VasilisPoulos/GSoC2020.md

## GSoC2020.md

      
    Raw
  

              GSoC2020.md
            
          
    Google Summer of Code 2020 | Open Roberta - Tangibles Summary


Every year Google organizes Google Summer of Code a global program focused on introducing students to open
source software development. This year i was selected by Open Roberta to work on a new feature that will
introduce to users the ability of writing code, using real life tangible coding blocks. Now that GSoC 2020 is
coming to an end it is time to summarize my GSoC project experience.
Project summary

The intent of the project was to design real life coding blocks and create a prototype code block recognition
script that would enable their use in the Open Roberta Lab.
Code Block Design

The first month we talked about the design of the blocks, discussed design alternatives and searched for
approaches from other people on the 'real life code blocks' subject (give examples). In order to make it easy
for someone to make the tangible blocks it was decided that a tangible block will be cut out piece of paper or a
sticker on a piece of plastic or wood.
We also set the use case of the final script:

Use case: A tangible program is placed on top of a white sheet of A4 paper. A user takes a picture and
uploads it to the Open Roberta Lab using a button. The picture is then being processed by the script
in order to generate a program made of blockly code blocks in the open roberta lab.
The design concluded to something similar to the paper blocks,
open roberta already used in an event, adapted to our use case.
Code blocks:

follow the XML structure (nesting level) of blockly for easier AST generation.
are colored coded based on their type the same way as they are in the lab
have indentationts that indicate to the user how they can be connected together.
have a white border around them that helps with the processing later on.

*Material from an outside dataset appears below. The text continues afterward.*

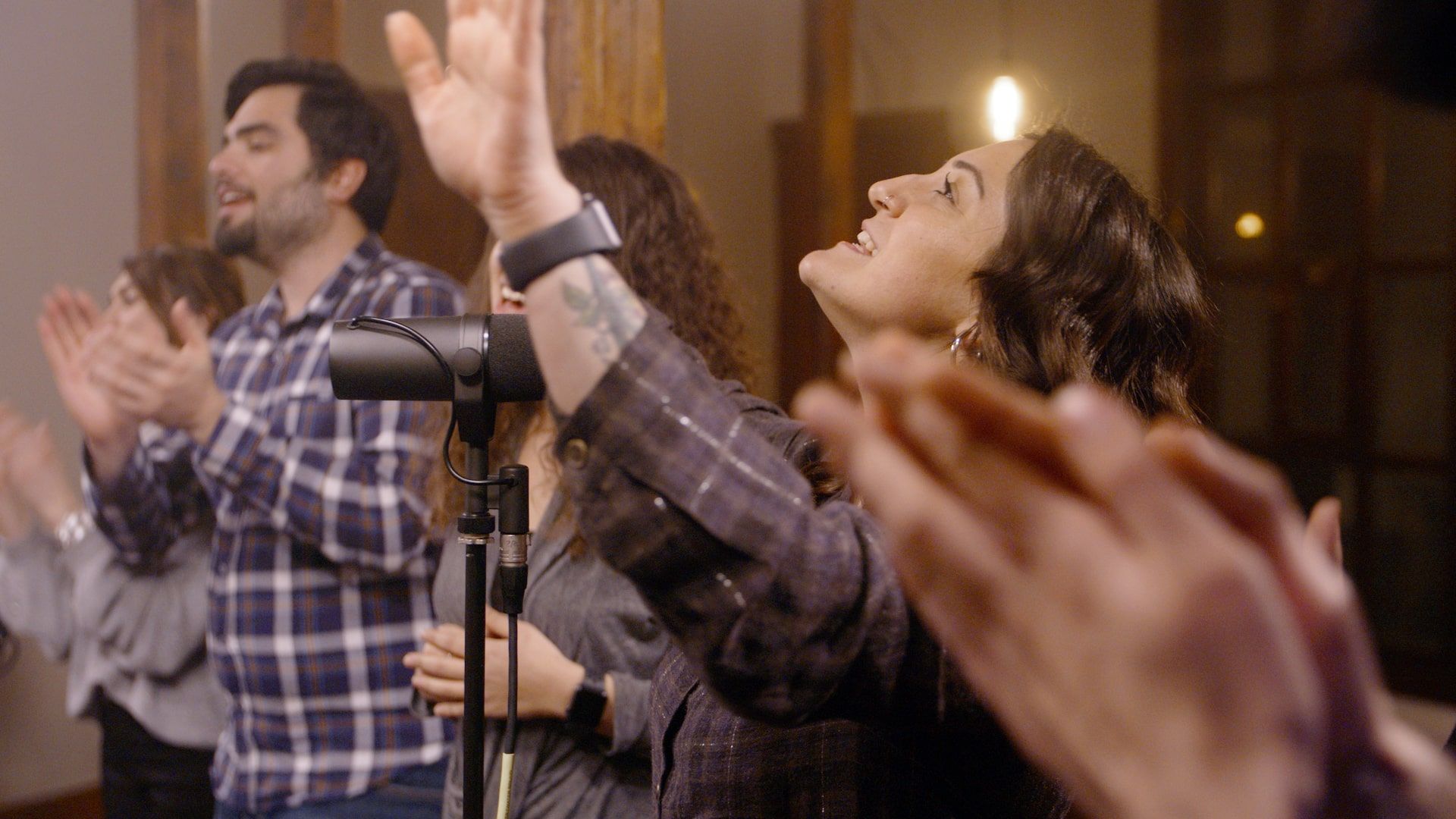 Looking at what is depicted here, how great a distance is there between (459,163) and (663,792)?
0.58 meters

Finally we determined an initial set of blocks that we would work on.
Implementation

The goal was to extract the text and the top left x,y coordinates of each block. Since we were in a prototype
phase of the project we assumed that input images won't have user induced errors or hard to remove noise.
For the implementation i used Google's Tesseract OCR and OpenCV with python.
The processing sequence has five parts;
1. Preparing the image for pre-processing

Before pre-processing we have to apply a perspective transform to obtain the top-down view of the A4 paper. This
is useful because the resulting image of the transformation will have a nice saturation contrast between the white
paper and the tangible blocks, that will help us later with the mask generation, but will also align the text horizontally. To make
sure this contrast will
exist in all images we white balance the output of the transformation using the LAB color space.
2. Pre-processing and block mask generation

To separate and label each block's mask from the image we convert it to the HSV color space and apply Otsu's
thresholding method on the saturation chanel. In the binarized image we apply morphological
transformations to get rid of any noise and close possible gaps left inside the blocks. The result of the
previous methods is a binary image that contains only black blocks on the exact same location of the original
image. Then it is possible to use the connected components method in order to label every one of these features
and finally use them as a mask for each block.
3. Preparing text for OCR

We use the masks to crop the actual blocks from the image and then do more pre-processing to prepare the text for
OCR. Currently the script crops the text out of the block and uses adaptive thresholding and morphological
transformations so that it can be read by Tesseract.
4. Collecting data

At this point the text is ready to be read by OCR and using the contour of each block's mask we can also find
it's x, y coordinates. This information is then saved in a 'code_block' object.
5. AST generation

Using the information that was collected we generate the AST of the program using the anytree library.
Challenges

We gradually moved away from what i initially proposed so i quickly had to move out of my comfort zone and
learn new things throughout the project's timeline. At the beginning of the summer i was new to computer vision
therefore experimentation with images was necessary so that i could understand how different problems are handled
with traditional computer vision methods and built experience in order to come up with a robust pre-processing
sequence. Throughout the work period there were various times when I felt stuck and i was unable to solve
some problems but with the help of my mentors we managed to find solutions.
Learnings

Aside from deepening my computer vision skills further than my university's computer vision course, i worked with
very experienced mentors that guided me through the program and helped me understand how much work needs to be
done to create a prototype starting from scratch, an experience that is very different from typical software
development work.
Work Product

I designed the initial set of tangible blocks, did some 'experiments' in python notebooks and created a prototype script

that can successfully process a small set of images.
All of the above can be found in my GSoC github repository tangibles-recognition.
Work to be done

The script that i delivered is still far from a final product, there is still a lot of work to make it robust.
Το continue from this point on i would follow the steps below;

Set more specific requirements for each processing step so that it is understood what needs to be tested.
Μake each part of the processing sequence more reliable while gradually enlarging the set of testing images.
Use more of the images information (i.e color, shape of the blocks).